Under existing legislation the tax credit for tight formation gas is 52/MMBTU for production through 2002 and is not adjusted for inflation.

ECONOMIC BENEFITS

Nonconventional fuel tax credits may only be used to offset tax liability and are not applicable against alternative minimum tax (AMT).

However, at this writing legislation had been proposed that might allow more oil and gas producers exemptions from AMT. The tax credits flow to investors based on net revenue interests, and both corporations and individuals may benefit.

There are two major benefits to producers from nonconventional fuel tax credits.

First, the credits increase the revenue stream to investors not limited by AMT. In times of abnormally low gas prices the credits may meet or exceed actual gas prices.

Second, investors with AMT receive benefit from the increased value of their holdings if sold to parties without AMT.

The nonconventional fuel tax credit is now on an apply-for-it-or-lose-it basis.
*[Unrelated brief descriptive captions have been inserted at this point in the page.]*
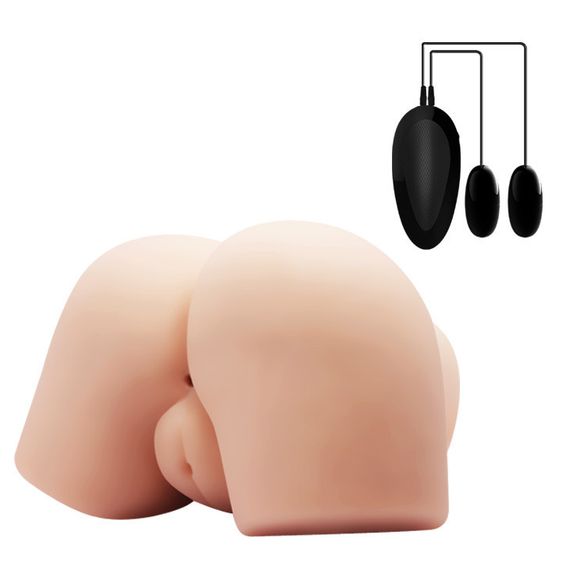 Мастурбатор подвійної стимуляції Crazy Bull Vagina and Anal Realistic Skin-Like Texture Sex Aura | Зображення 1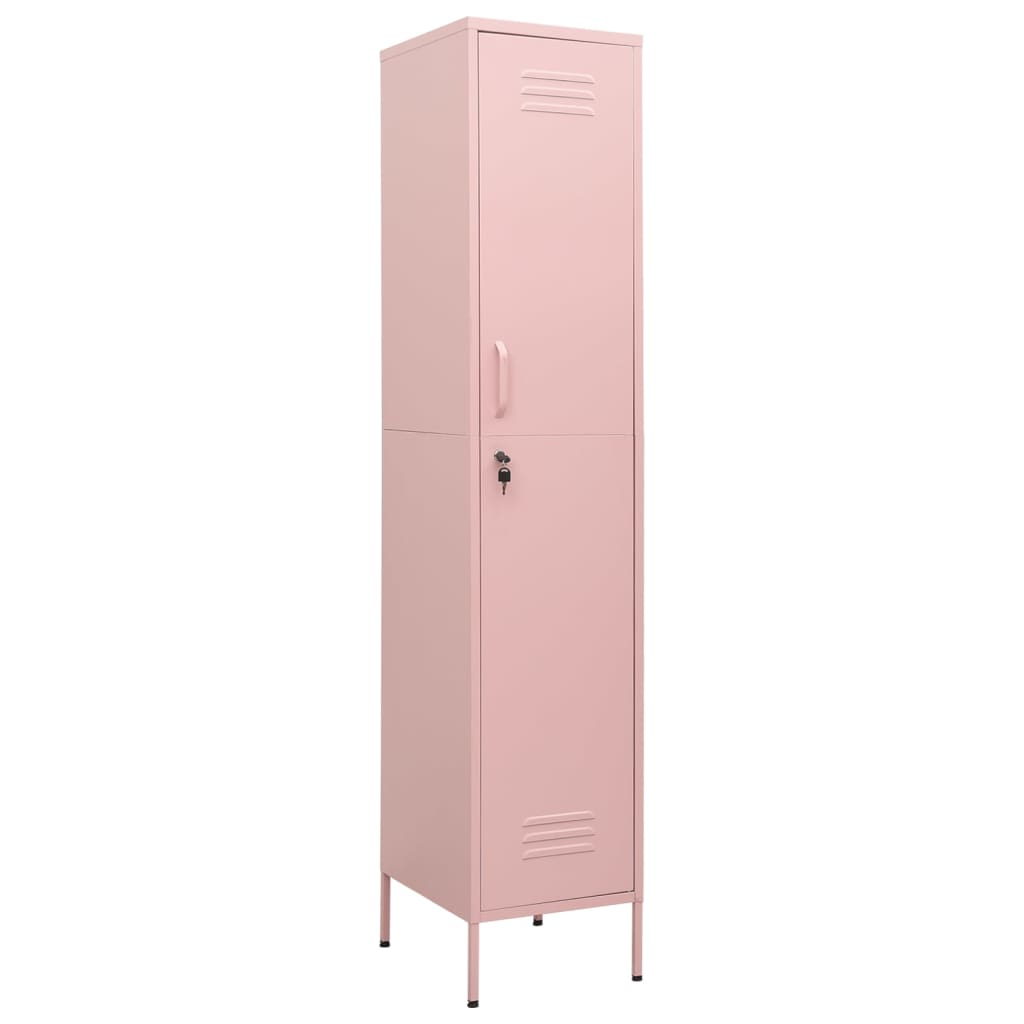 Armadio Rosa 35x46x180 cm in Acciaio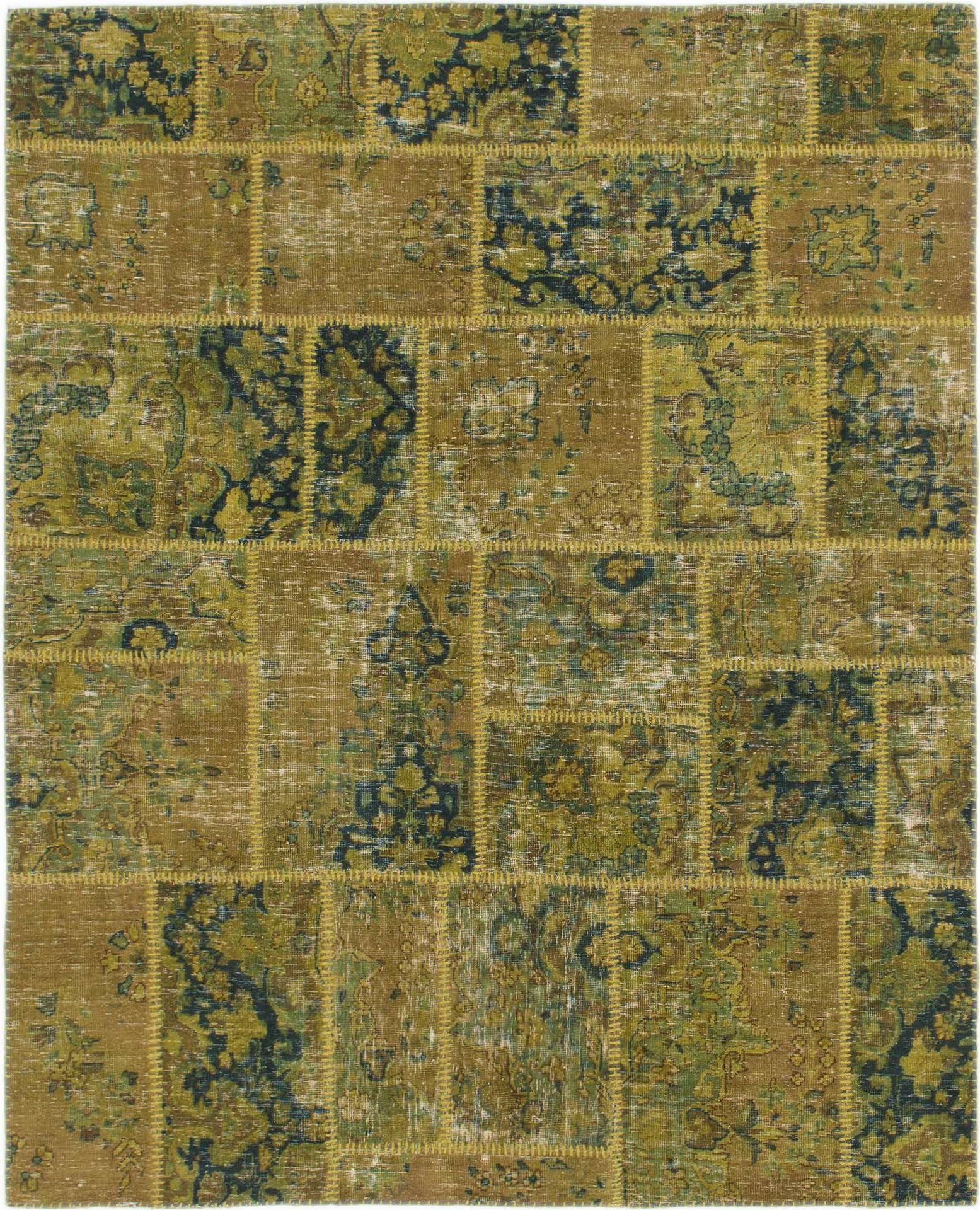 5' 8 x 7' Hand Knotted Ultra Vintage Persian Wool Rug
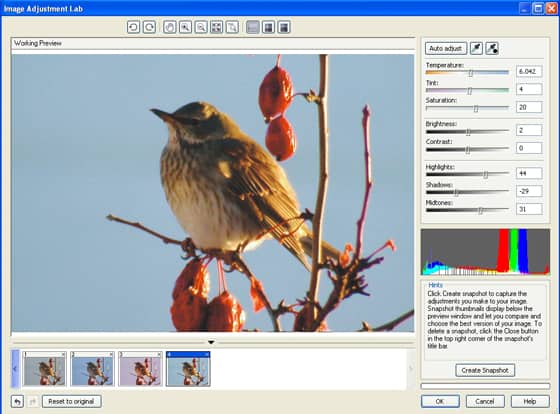 CorelDRAW Ajuda Lab. de ajuste de imagem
To qualify, you must spud, recomplete, and file your NGPA application on or before Dec. 31, 1992.

The Section 29 tax credit is an excellent and cost effective way for operators to quickly increase production and after-tax income for themselves and their eligible investors through 2002.

REFERENCES

  1. Department of Energy, Federal Energy Regulatory Commission Order 539, Docket No. RM91-8-000, Federal Register, Vol. 57, No. 73, Apr. 15, 1992, pp 13009-13017.

  2. FERC Order 539-A, Docket No. RM91-8-000, Federal Register, Vol. 57, No. 135, July 14, 1992, p 31123.

  3. Internal Revenue Service, letter ruling, LTR 9135028, May 30, 1991.

  4. IRS, Federal Register, Vol. 57, No. 65, Apr. 3, 1992, p. 11543.